Blackwater Seeps Through Loopholes In Other Countries
SANTIAGO -- On Apr. 8, 2004, days after the private doings of Blackwater were first dredged up to international consciousness by an angry Fallujah mob, Chile's soon-to-be President, Michelle Bachelet, made her own public-private declaration as Donald Rumsfeld's subaltern parallel: Chile's Minister of Defense. Hers was a declaration not of war but of independence. On Sept. 10, 2001, Rumsfeld may have known nothing of immanent attacks on the Pentagon as he declared his privatized war against the government bureaucracy, but on Apr. 8, 2004, Bachelet made the following declaration knowing full well that a Chilean subcontractor had just provided Blackwater USA with its first crack batch of ex-Chilean special forces in Iraq.
"These are individual decisions," Bachelet was reported to have said. "Here they have no connection to the State, not requiring opinion or suggestions, or anything, because it was under the standard of individual liberties. And it's a private company, North American," she added. [My translation]
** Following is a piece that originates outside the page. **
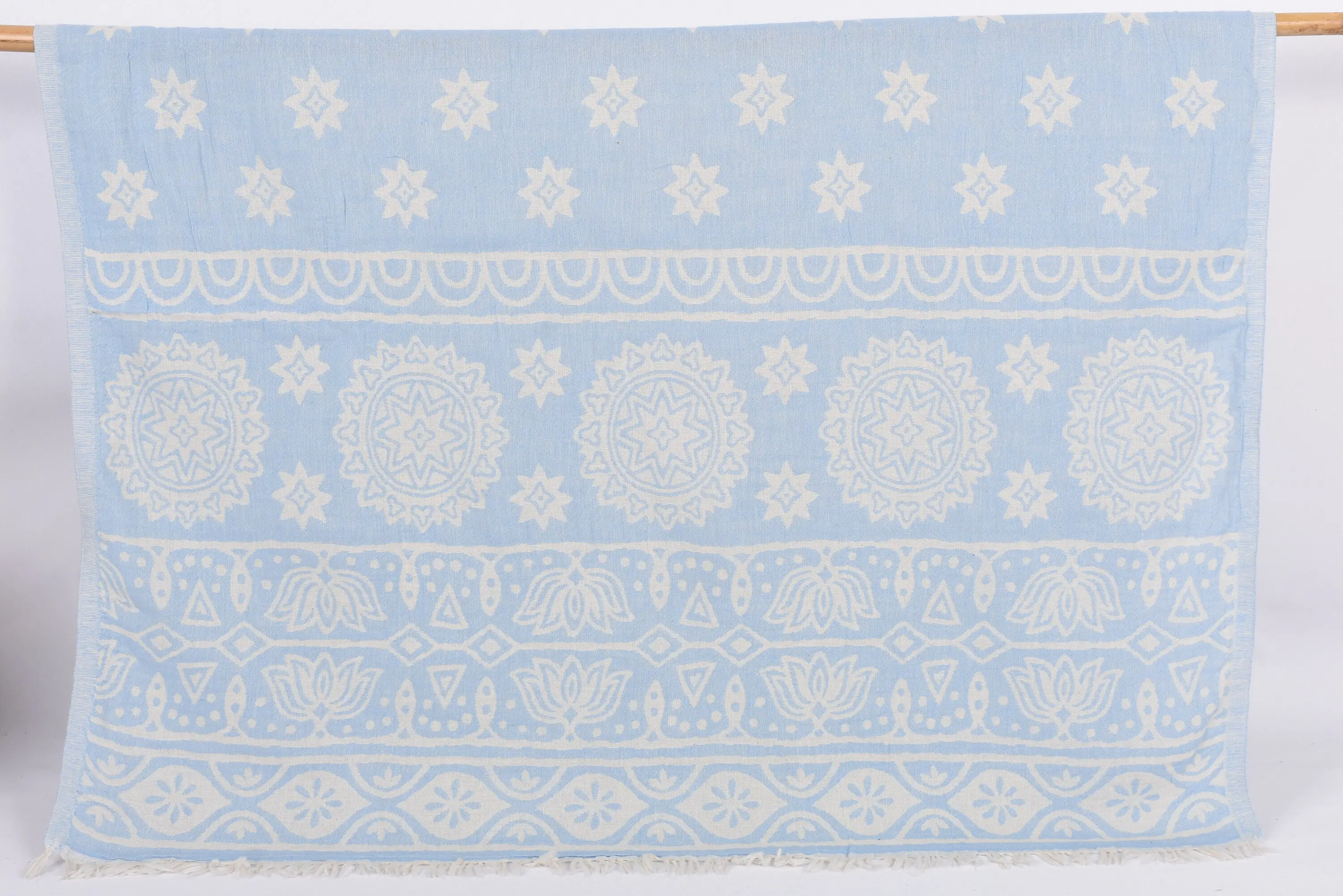 Beach Towel Monogram Turkish Cotton Baby Blue Rainbow, 70x36 Inches - 1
In effect, on behalf of Chile's left-centered coalition government and in the name of economic "liberty," the rising Socialist minister (already a virtual candidate to replace termed-out President Ricardo Lagos) was officially declaring her government's independence from abuses in the Chilean private sector that had been or might be committed against its citizens because of U.S. involvement in Iraq.
How could this be? When the executive branch of the U.S. government first chose to invade Iraq, back in 2003, Chile happened to be sitting in the U.N.'s (one rotating seat of an otherwise permanent) Security Council. As the Security Council's dominant member, the U.S. was actually caught stealing Chile's internal diplomatic emails as the vote was approaching (a transgression notably underreported in the U.S.). In the end Chile, bravely, voted against the U.S. invasion.
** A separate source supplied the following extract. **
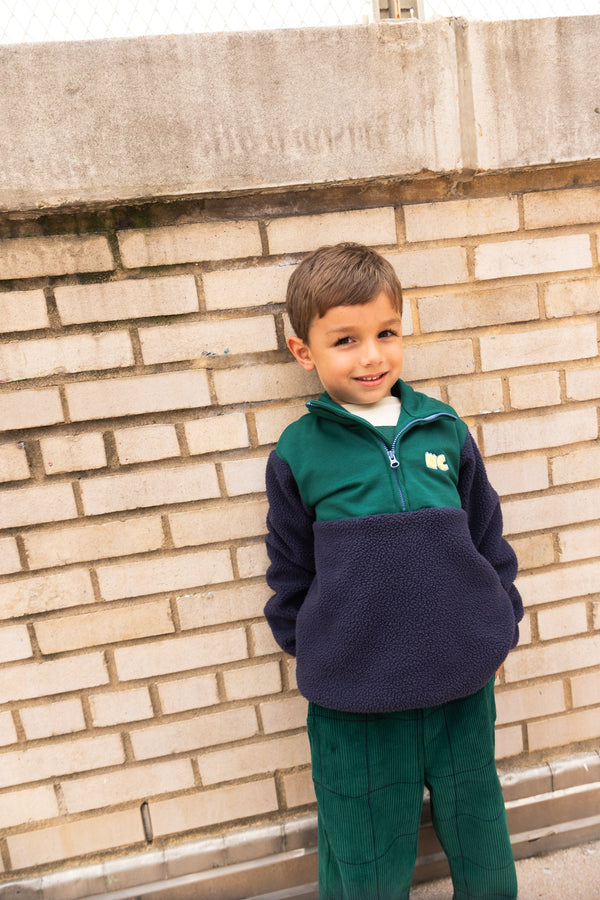 Mon Coeur Navy and Green Sherpa Zip Up styled on child, eco-friendly kids fleece layer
The story of Chile's involvement with Blackwater begins in 2003, when Blackwater's neo-con founder, Erik Prince, a former U.S. Navy Seal, was discovered by his Chilean parallel: Jose Miguel Pizarro Ovalle, an avid supporter of then-ex-dictator Augusto Pinochet and an ex-Chilean special forces, himself, of dual U.S.-Chilean citizenship. Investigative journalist Jeremy Scahill, who interviewed Pizarro extensively for his new book, said that Pizarro had done some arms-business consulting and some CNN commentating before. Yet, when he first saw Blackwater's Dismal Swamp training facility Pizarro had an experience roughly equivalent to Saruman's first laying eyes on Sauron's Dark Tower. Pizarro soon built his own little version of Dismal Swamp near the shores of Lake Rapel south of Santiago.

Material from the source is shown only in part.